Portée par les nouveaux moyens de communication qu’étaient, à l’époque, la radio, et le cinéma, cette vague apporte, écrivait-il, des productions de mauvaise qualité. Comme elles exigent peu d’effort intellectuel, elles plaisent aux masses. Elles évoluent à une vitesse stupéfiante, portée par la logique des modes, aussitôt remplacées par de nouvelles. Et Zweig de déplorer, comme Ortega y Gasset à la même époque, que le mauvais goût des masses contraigne l’élite du bon goût et de la culture à une forme de résistance culturelle par abstention volontaire, le retrait, le refus de participer.

Il faut se souvenir que parmi les créateurs et intellectuels juifs contraints d’émigrer aux Etats-Unis, à l’époque nazie, certains se sont aisément intégrés à la culture américaine, si différente de la leur : chez les cinéastes, on pense à Joseph Mankiewicz, Otto Preminger, Billy Wilder. Le délicieux compositeur autrichien Erich Wolfgang Korngold, postromantique, se reconvertit aisément dans la musique de film. Même certains compositeurs d’avant-garde, tels Hanns Eisler ou Kurt Weill, ont connu le succès aux Etats-Unis en s’adaptant au goût de masse américain ; le premier à Hollywood, le second à Broadway.

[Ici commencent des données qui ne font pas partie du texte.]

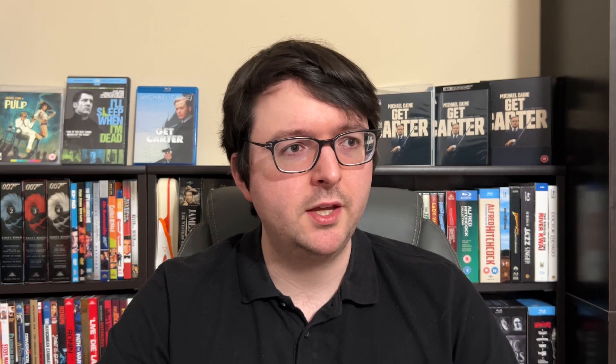Unfortunately that was pretty much it for Hodges and Caine making films together. They had started a sort of company, but unfortunately they never made other films. I think it's a darn shame because to say Caine's performance in Carter is iconic is an understatement.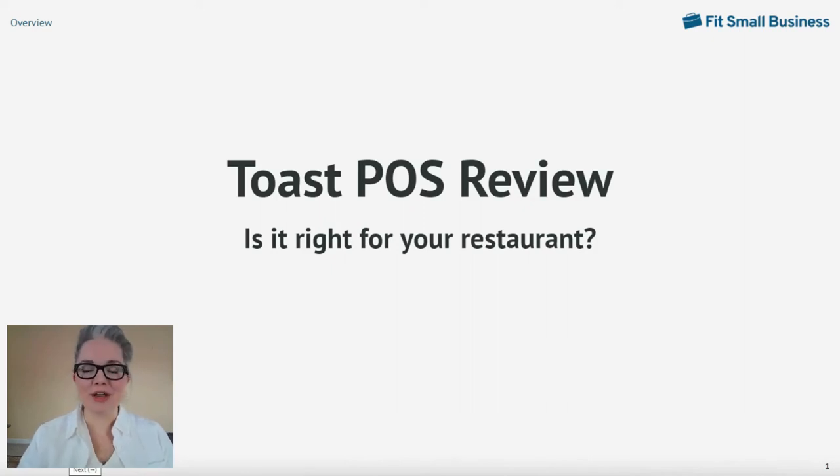Hello, I'm Mary King, staff writer and restaurant expert with Fit Small Business, here today to review popular restaurant point of sale, Toast. In this video, I will cover Toast's price for software, hardware, and payments, as well as explore some standout restaurant features to help you decide if it is a fit for your business.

Mais Theodor Adorno, théoricien de l’avant-garde musicale viennoise, exilé à Los Angeles, demeurait, lui, résolument hostile à une culture de masse mondialisée, qu’il analysait comme une forme d’aliénation et d’abêtissement par les industries du divertissement. Même son de cloche chez Zweig : « L’ennui américain, écrit-il, est instable, nerveux, agressif ; on s’y surmène dans une excitation fiévreuse et on cherche à s’étourdir dans le sport et les sensations. »

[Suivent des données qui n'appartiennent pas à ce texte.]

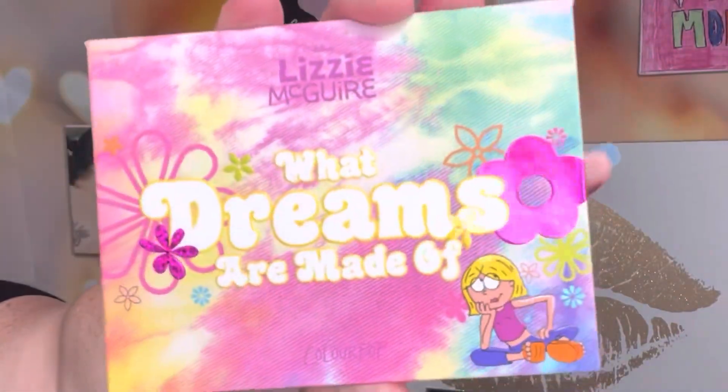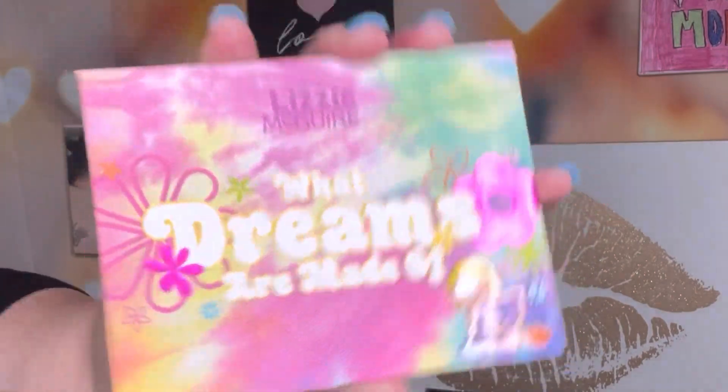The next question is: if I would pick an eyeshadow palette in my collection that represents happy. The first thing that popped in my head was the Lizzie McGuire 'What Dreams Are Made Of' palette. I think this represents happiness — when they revealed this collaboration I was like, oh my gosh, it made me smile. At first I wasn't going to buy it, but I'm really glad I did. It's making me smile right now, and it's a fun color story.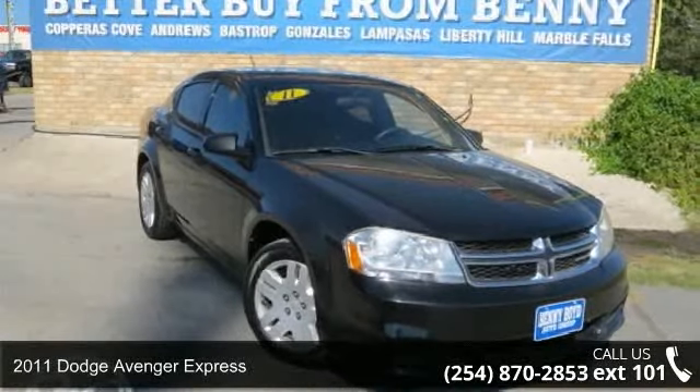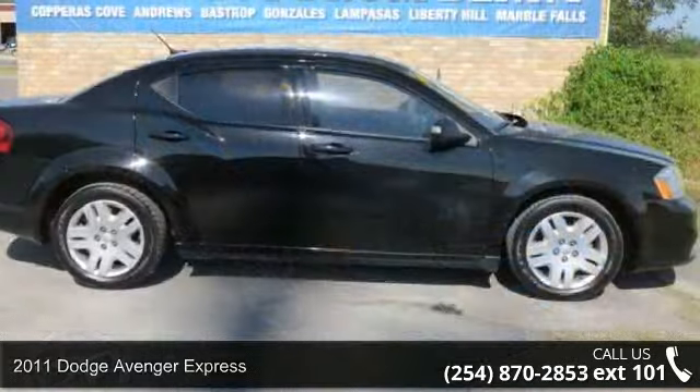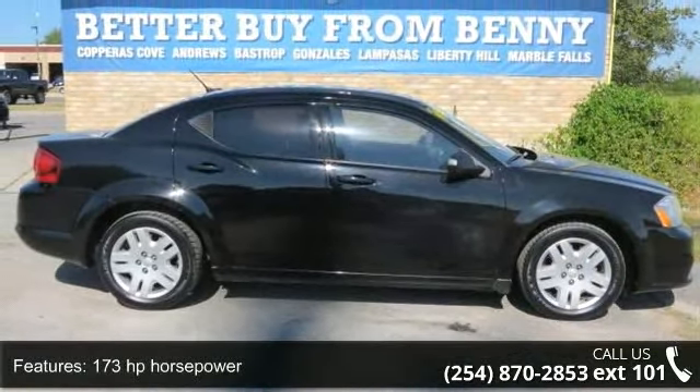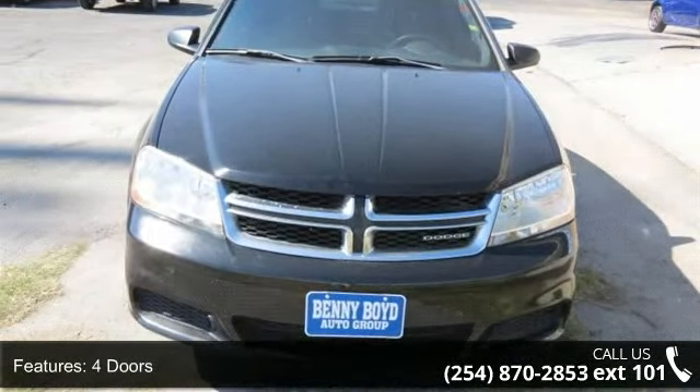Arrive in style with this 2011 Dodge Avenger Express. If you are looking for a first-rate auto, this one could be yours today. This vehicle comes with a reliable 4-cylinder engine, connected to a smooth-shifting automatic transmission.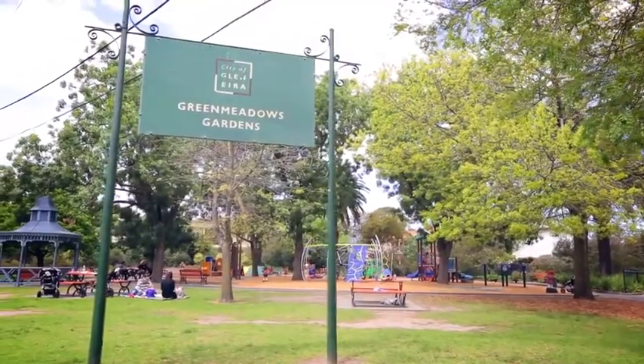Hello, my name is Lee Moore and I'm from Gary Peer & Associates St Kilda. I can't wait to show you through this home. We're at 45 Milburn Grove, only three doors down from Green Meadow Park. This is the first time this home has been offered for sale. Why don't we go inside and have a look.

Ce que fait le Covid au village global

Mais voilà qu’à un siècle de distance, ces questions sont redevenues d’actualité. La pandémie, qui dure depuis un an maintenant, est en train de provoquer une fermeture des nations sur elles-mêmes, y compris dans notre Europe, pourtant supposée en cours d’intégration. Certains économistes prédisaient, depuis plusieurs années déjà, un recul de la mondialisation commerciale, sous le coup des tensions internationales. Qu’en sera-t-il de la globalisation culturelle lorsque nous serons enfin sortis de cette crise sanitaire ? On le voit, les questions posées par Stefan Zweig méritent d’être réexaminées.